▶ YOUR INSTRUCTIONS
Skip the pictures and copy all the data that follows exactly.

▶ ENTRIES SUPPLIED
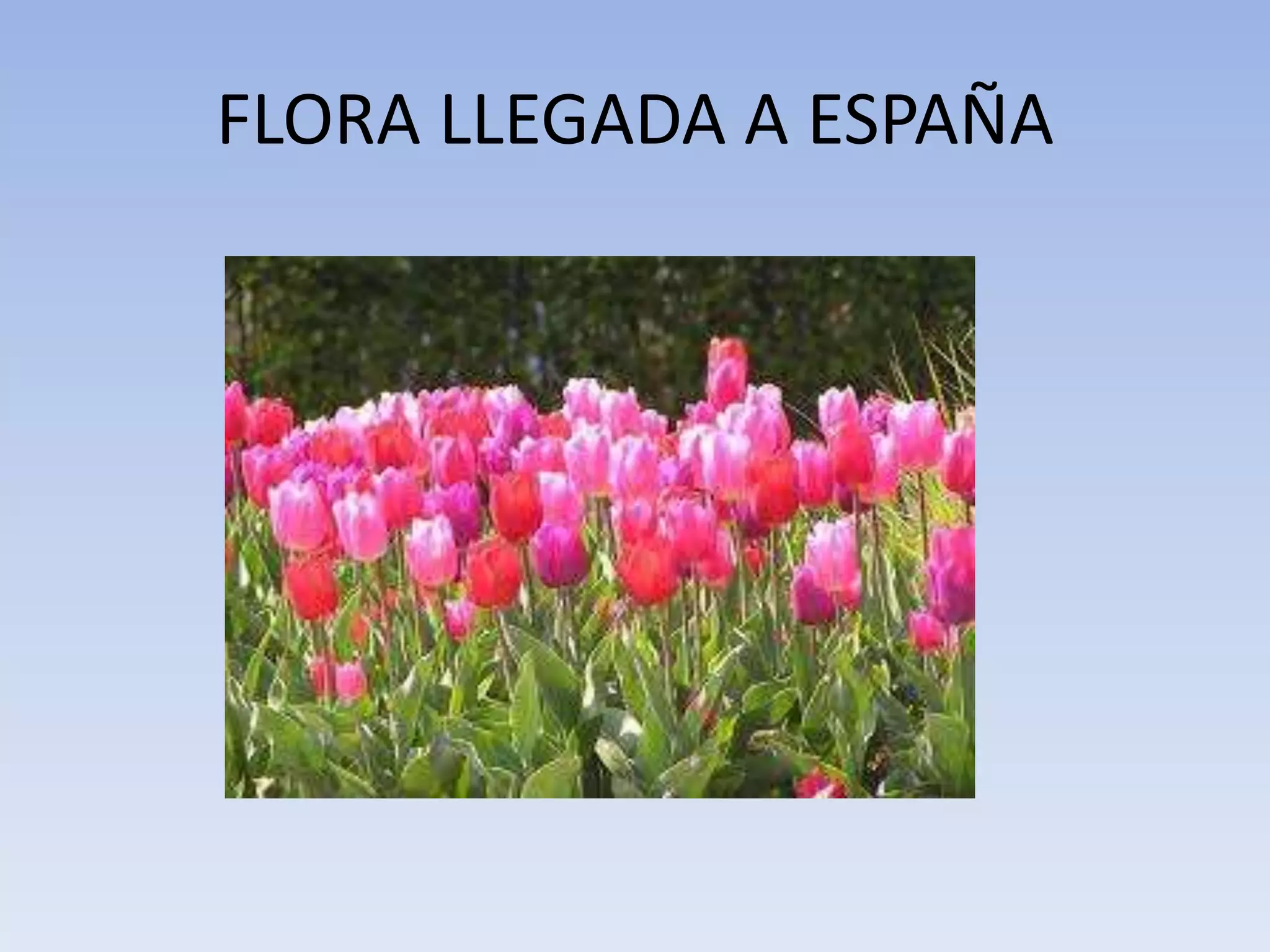 FLORA LLEGADA A ESPAÑA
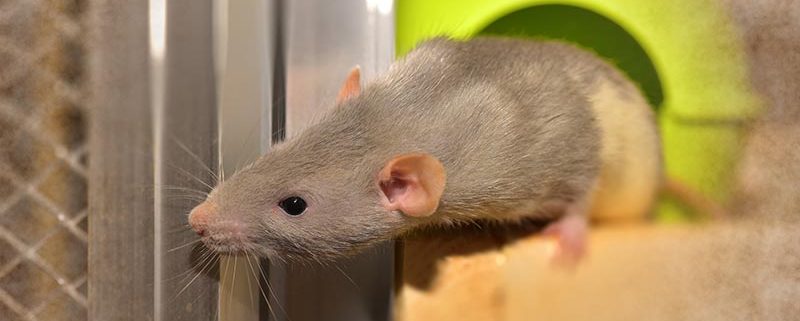Plagas de ratas y ratones - ID Control de Plagas Urbanas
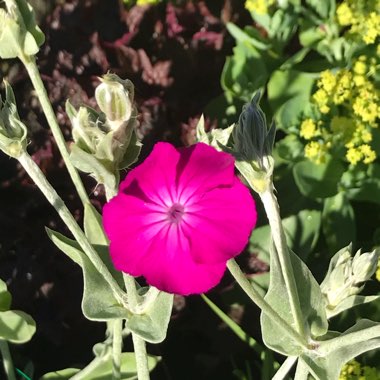 Lychnis coronaria syn. Agrostemma coronaria syn. Agrostemma tomentosum
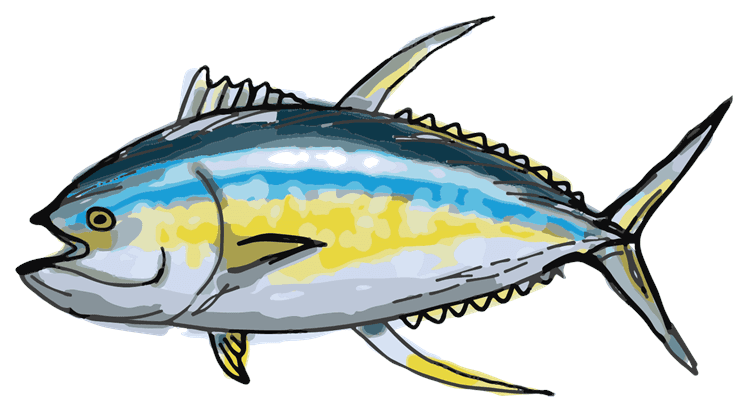 Tuna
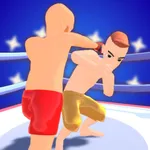 Boxer Life icon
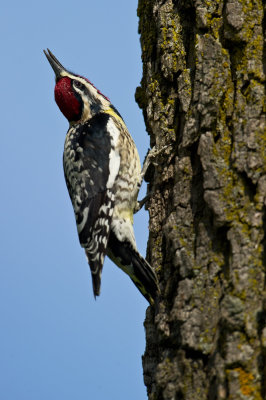 Pic macul -- Yellow-bellied Sapsucker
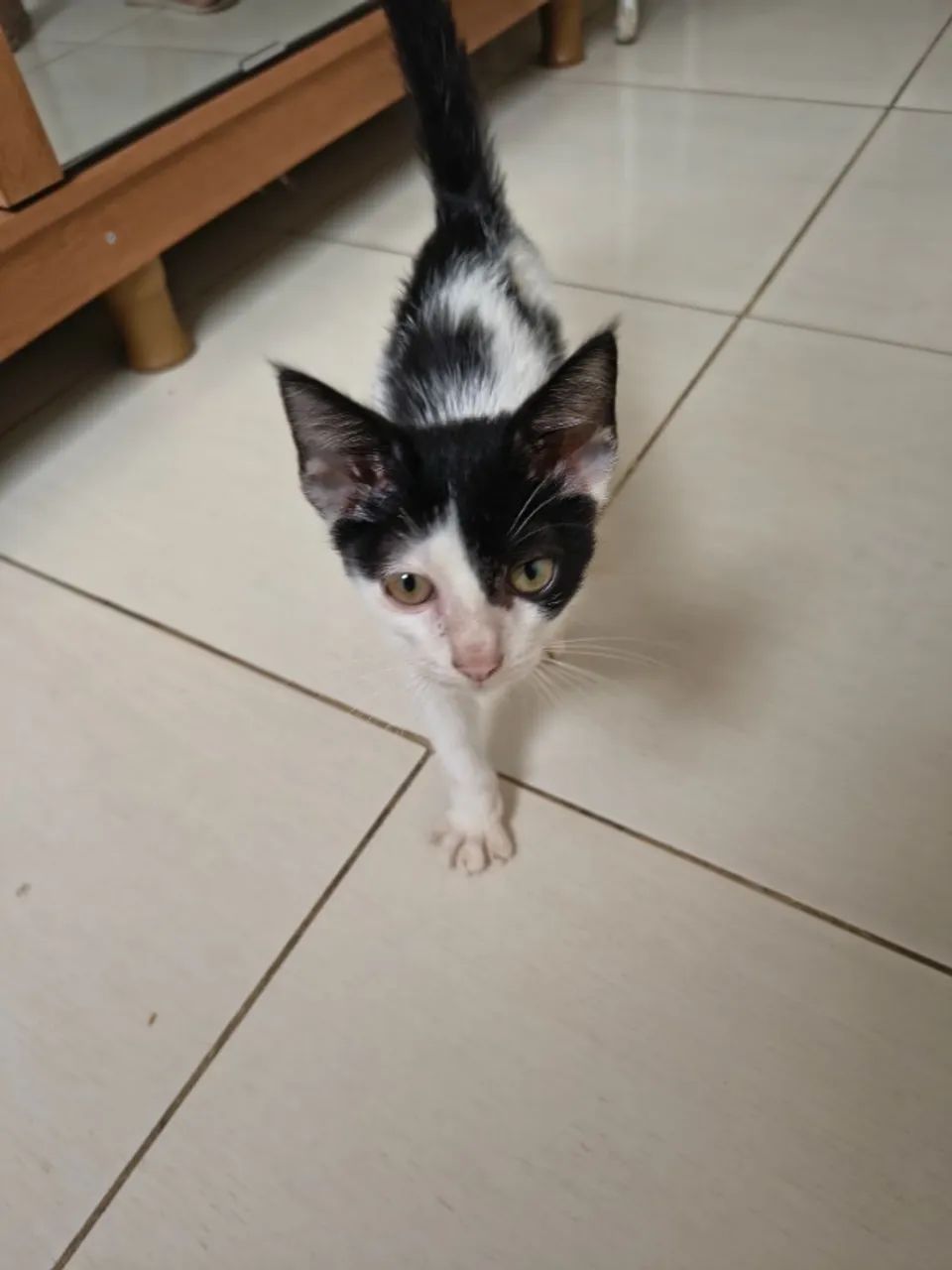 Adoção: Gatinho Macho BB  - Foto 2
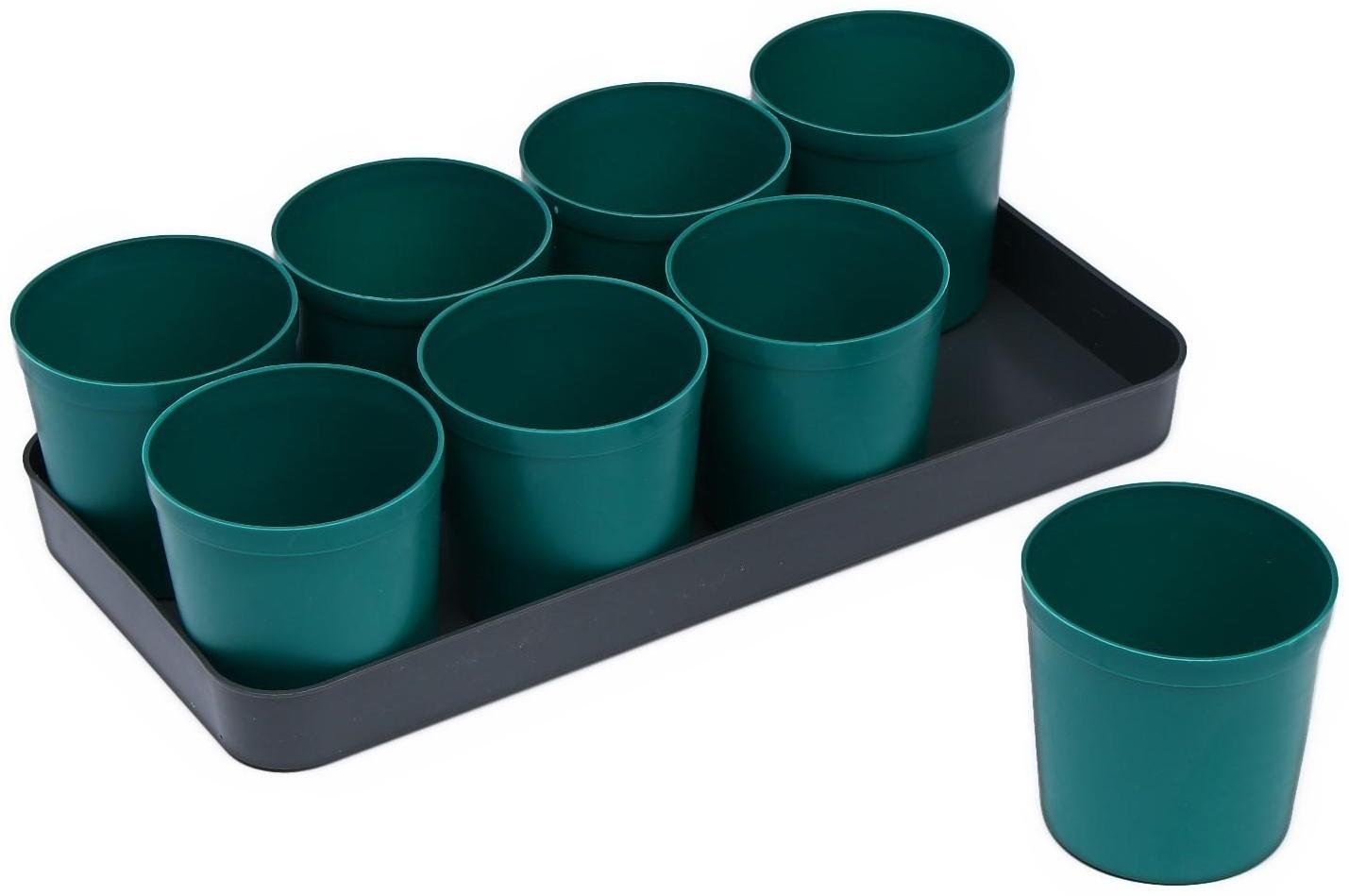 Набор для рассады: стаканы по 500 мл (8 шт.), поддон 40 × 20 см, цвет МИКС, Greengo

▶ WRITTEN REPLY
 FLORA LLEGADA A ESPAÑA
Plagas de ratas y ratones - ID Control de Plagas Urbanas
 Lychnis coronaria syn. Agrostemma coronaria syn. Agrostemma tomentosum
 Tuna
 Boxer Life icon
 Pic macul -- Yellow-bellied Sapsucker
 Adoção: Gatinho Macho BB  - Foto 2
 Набор для рассады: стаканы по 500 мл (8 шт.), поддон 40 × 20 см, цвет МИКС, Greengo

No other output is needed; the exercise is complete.